The History of Muslin
7th June 2019
Today, the fabric that we call muslin is one that we take for granted. As embroiderers, we primarily use it as a backing fabric, but it also comes in handy for wrapping the Christmas pudding or cleaning up after baby’s feed. But muslin was not always the plain weave, unbleached cotton that now carries this name.
Did you know that muslin used to be a fabric as highly prized as silk?
Economics and colonialism changed the history of muslin, but today the original manufacturers in modern day Bangladesh are still holding on to their traditional production skills.
Muslin is a woven cotton cloth which was once a luxury fabric. Although it is commonly believed that the cloth originated in the Iraqi city of Mosul, despite its name it is now understood that the cloth likely originated in ancient India. Known as Jamdani, this original form of muslin was usually brightly coloured and patterned while remaining lightweight and almost sheer.
Jamdani saris for sale in Bangladesh (source)
Weavers in Dhaka, Bangladesh, used to make this incredibly fine cloth using a method called the discontinuous weft technique. This technique required the weaver to work two layers of weft – one as fine as spider’s silk to hold the cloth together and the other forming the pattern. Each pattern motif was worked individually, using fine bamboo sticks to interlace the pattern threads with the warp threads.
Labour intensive and requiring skill and patience, it was little wonder that this fabric was so highly prized.
Working Jamdani muslin on a loom (source)

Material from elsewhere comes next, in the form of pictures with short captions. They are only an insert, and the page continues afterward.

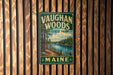 A vintage metal sign for Vaughan Woods State Park in Maine, featuring a scenic landscape with a river and pine trees.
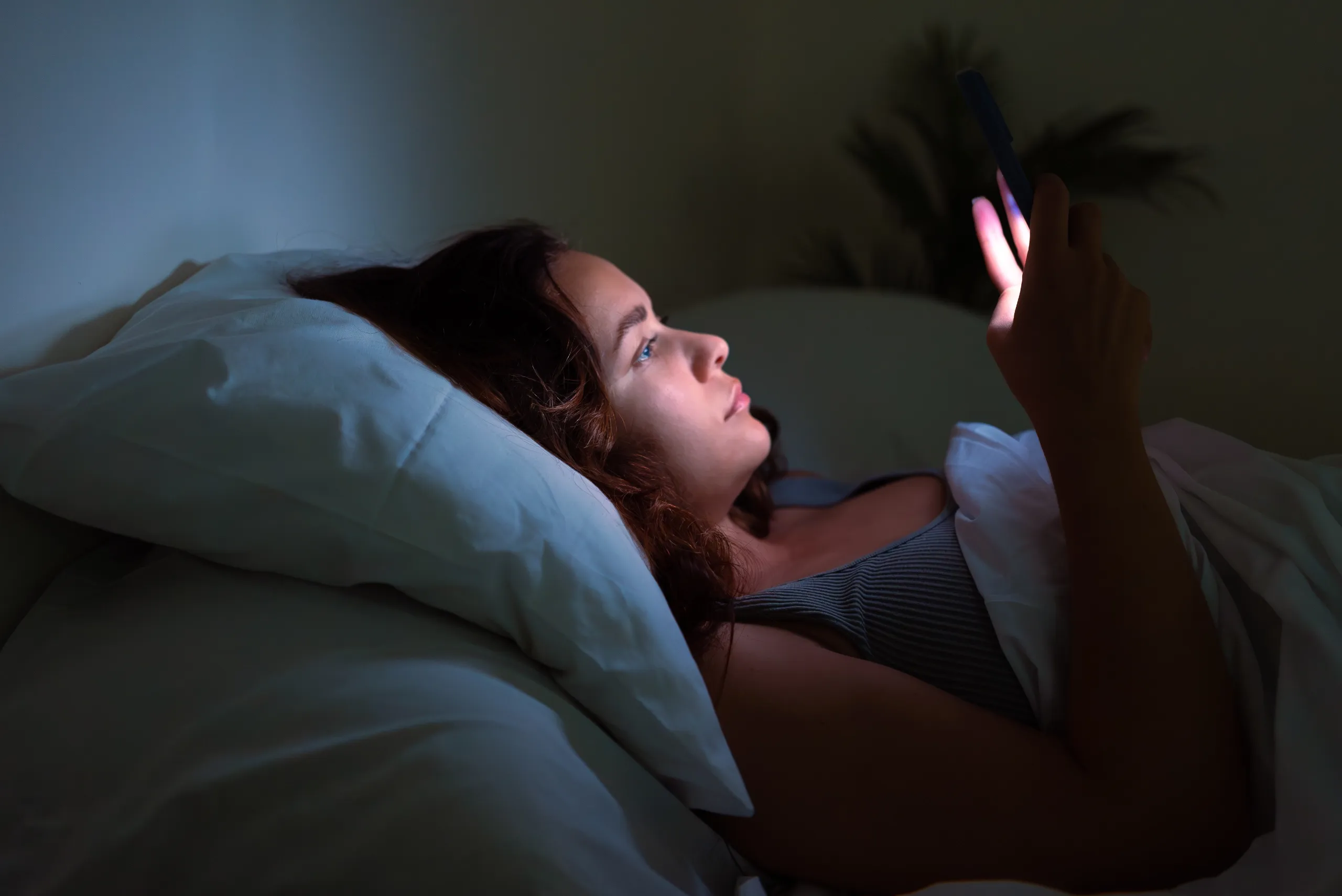 Mujer despierta de noche en la cama usando el móvil necesita tratamiento psicológico para el insomnio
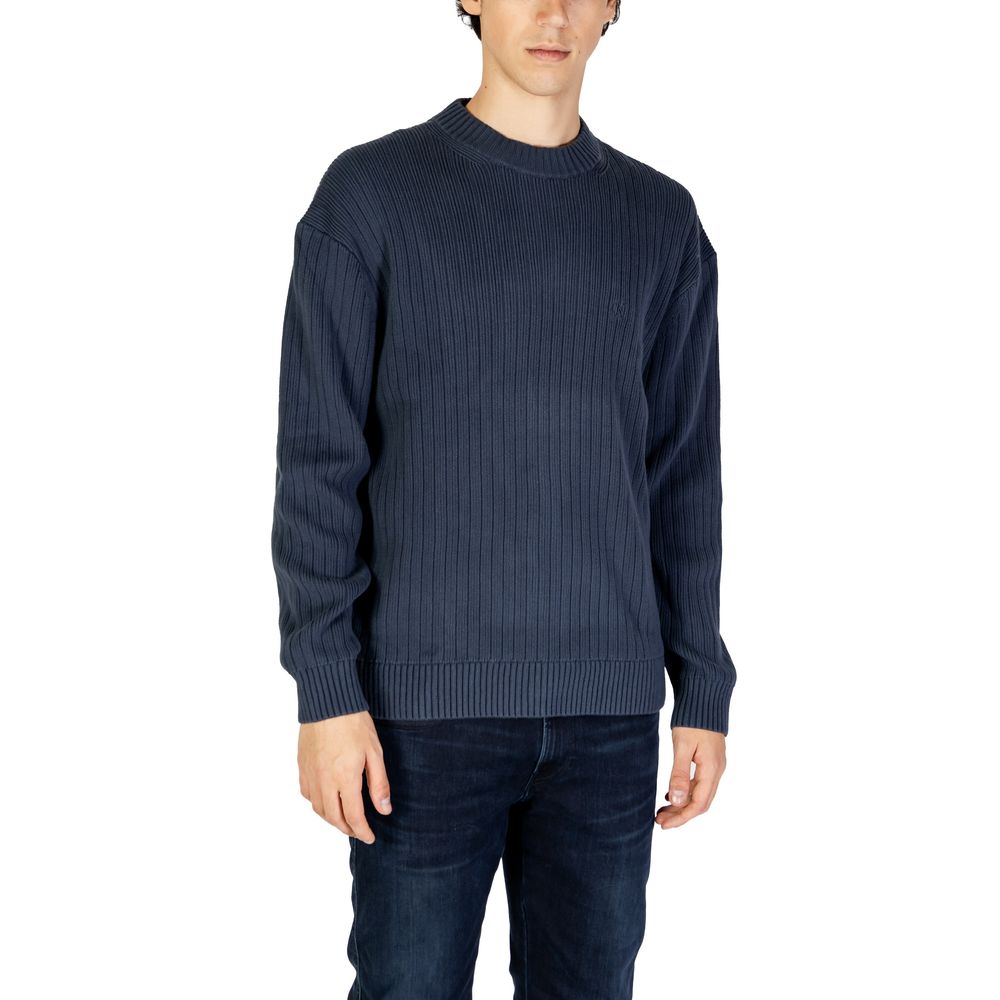 Calvin Klein Jeans Blue Cotton Sweatshirt with ribbed texture and crew neck, worn by model, ideal for transitional weather.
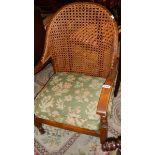 A cane backed arm chair.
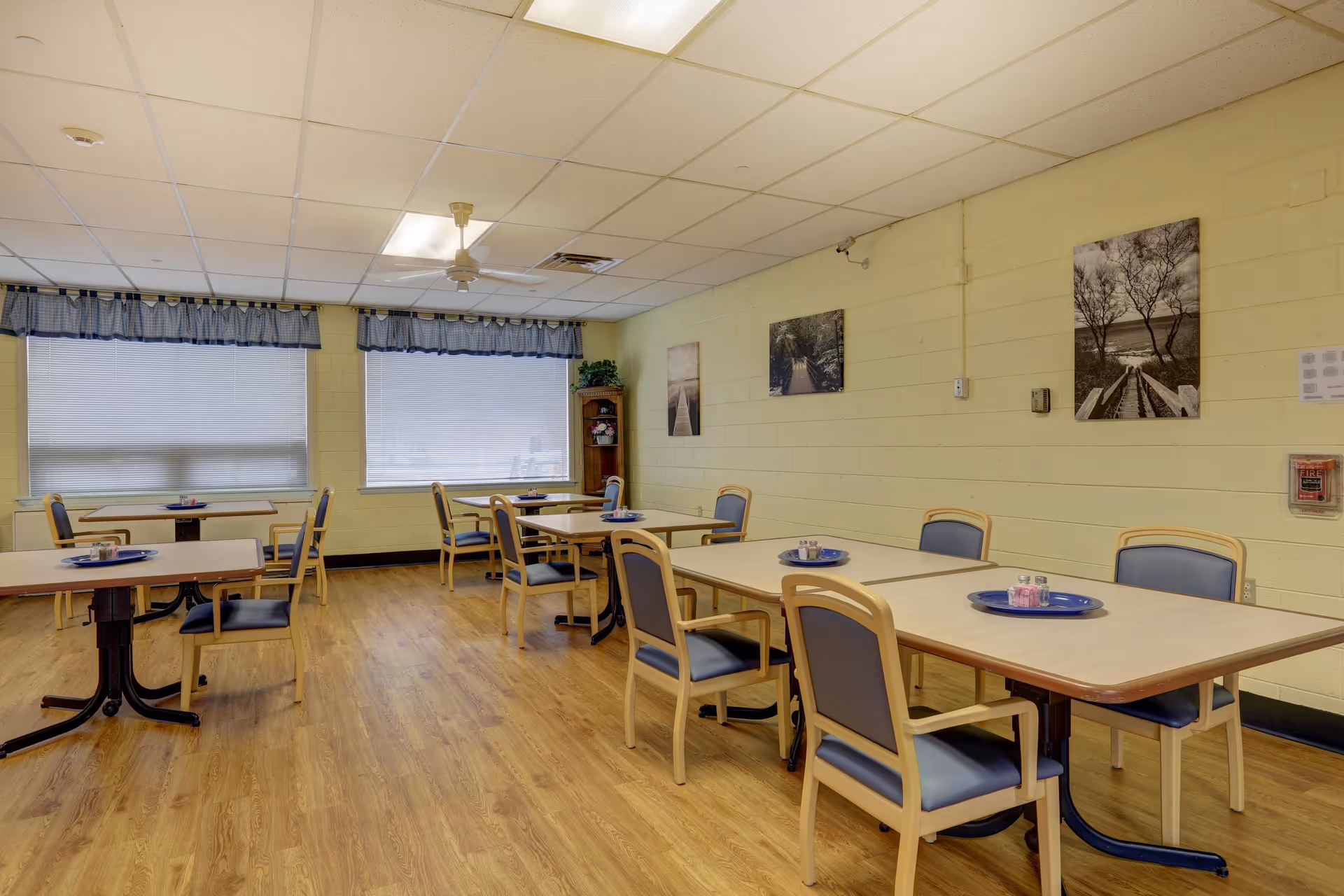 A dining room with several tables and chairs arranged neatly. Each table has a blue tray with condiments on it. The room has light yellow walls with framed pictures, large windows with blinds and valances, and a ceiling fan. The floor is wood-patterned.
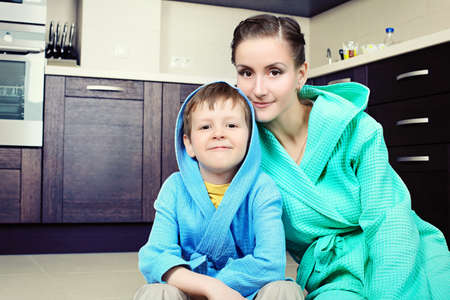 Happy mother with her son at home.の写真素材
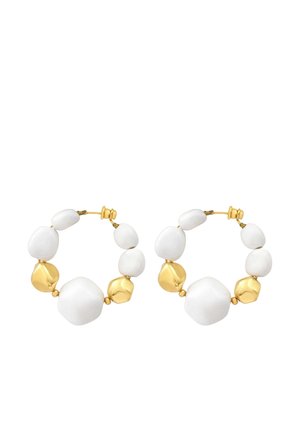 Paire de boucles d'oreilles créoles en or avec des accents de perles blanches et dorées irrégulières sur un fond blanc.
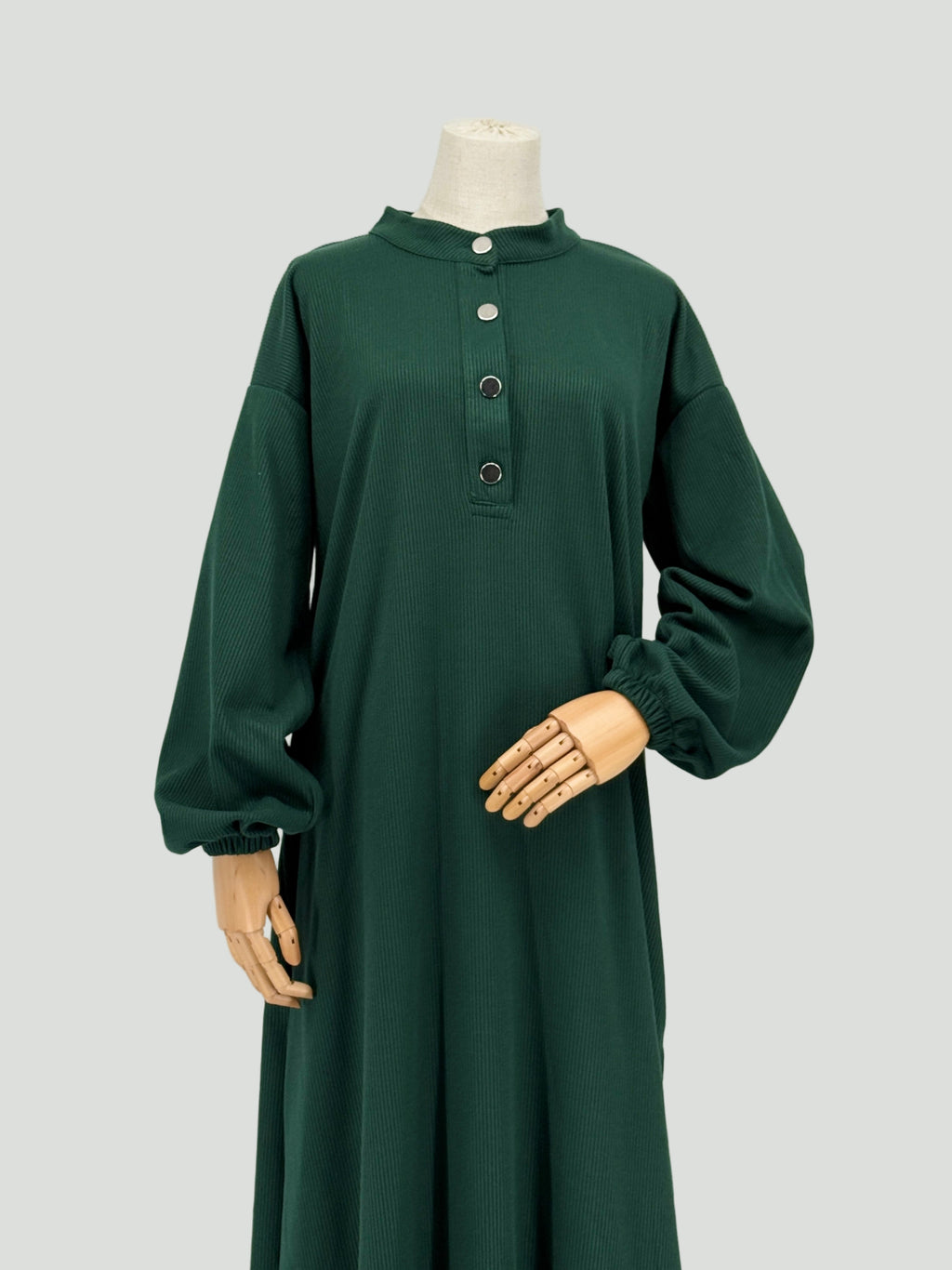 long green ribbed matching set on a mannequin against a white background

Unfortunately, during the period of the East India Company, European manufacturers all but destroyed the industry by flooding the market with factory produced muslin equivalents. Through a combination of punitive taxes on locally produced textiles and the dissolution of local and influential patrons, Jamdani muslin became uneconomical to produce and the skills were almost lost.
Thankfully, there are organisations in Bangladesh today that are encouraging local weavers to continue to practice their craft. Coupled with the UNESCO listing of Jamdani muslin on its Representative List of the Intangible Cultural Heritage of Humanity, there is more impetus to continuing production, albeit on a very small scale.
A Bangladeshi bride in a Jamdani muslin sari By Joy prokash roy – Own work, CC BY-SA 3.0 (source)
With the proliferation of mass produced and synthetic fabrics on the market today, it is important that these historical techniques aren’t lost forever. No factory can ever emulate the quality arising out of a skilled artisan. Their skills are part of our textile heritage and it’s wonderful they are being recognised and preserved.